Data extracted from a collection
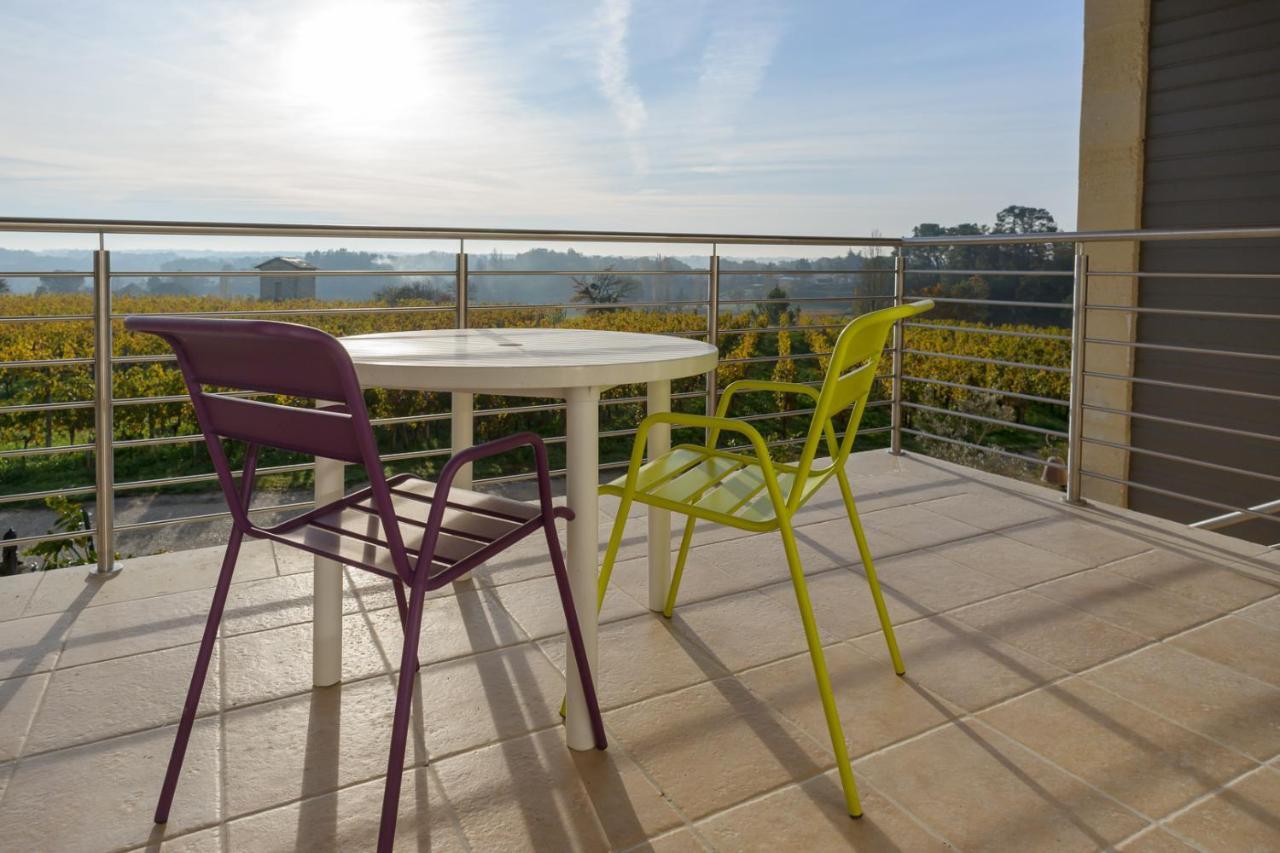 Les Raisins Du Bonheur Bed & Breakfast Puisseguin Екстериор снимка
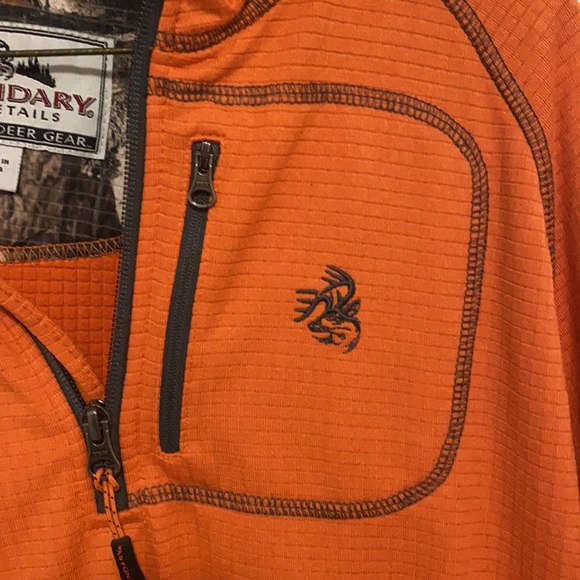 Men’s Legendary Whitetails Quarter Zip - Picture 2 of 6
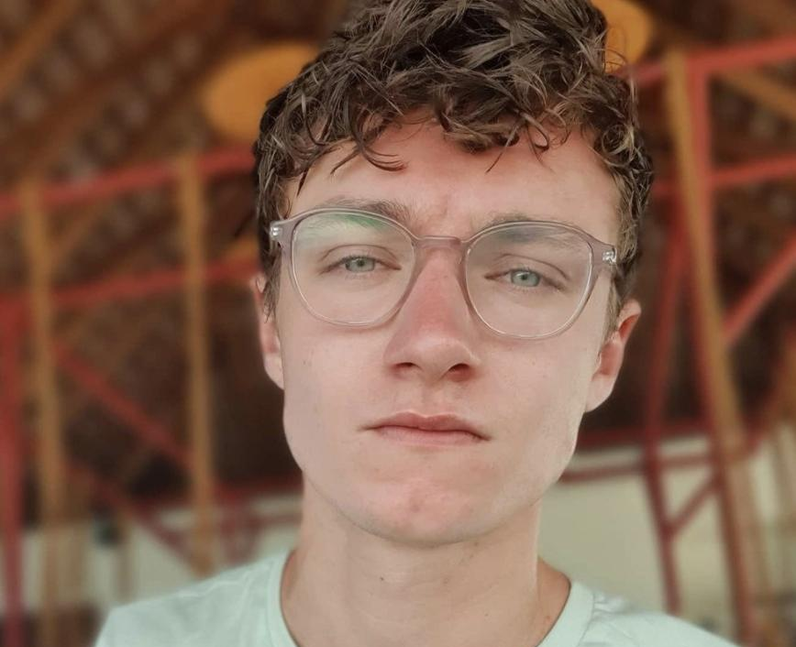 Does Harrison Osterfield have Instagram?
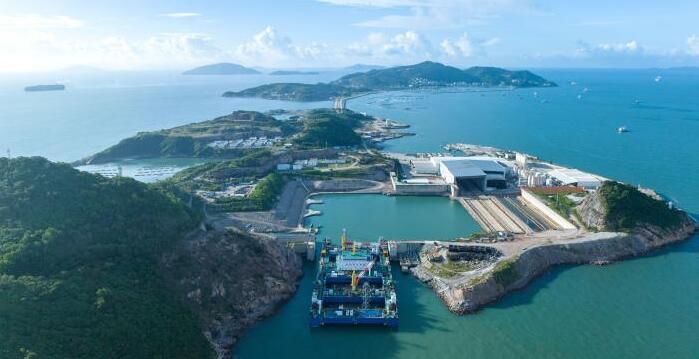 深中通道海底隧道最後管節及接頭出運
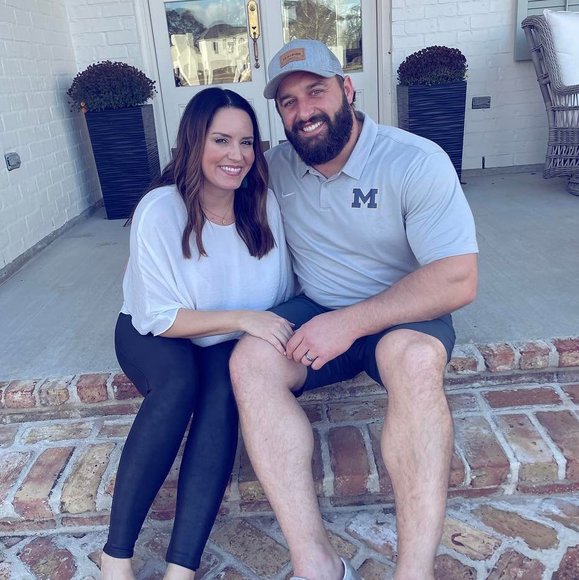 Profile Picture of Pam Louviere brady (@louvierepam) on Poshmark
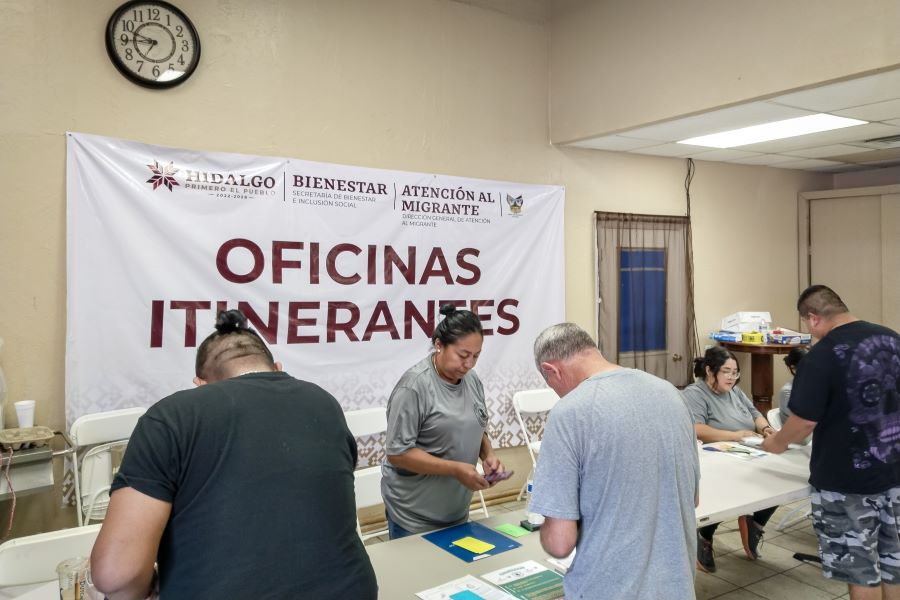 Lleva Sebiso Oficina Itinerante, a Migrantes Hidalguenses en Phoenix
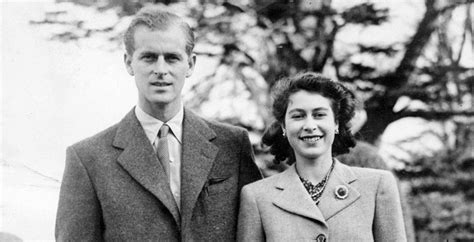 La Reina Isabel Y El Príncipe Felipe Festejan Siete Décadas Juntos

— Activity —
Only the lines from the line containing "Men’s Legendary Whitetails" through the last line of the entries above should be reproduced, word for word and without pictures.

— Solution for this exercise —
 Men’s Legendary Whitetails Quarter Zip - Picture 2 of 6
 Does Harrison Osterfield have Instagram?
 深中通道海底隧道最後管節及接頭出運
 Profile Picture of Pam Louviere brady (@louvierepam) on Poshmark
 Lleva Sebiso Oficina Itinerante, a Migrantes Hidalguenses en Phoenix
 La Reina Isabel Y El Príncipe Felipe Festejan Siete Décadas Juntos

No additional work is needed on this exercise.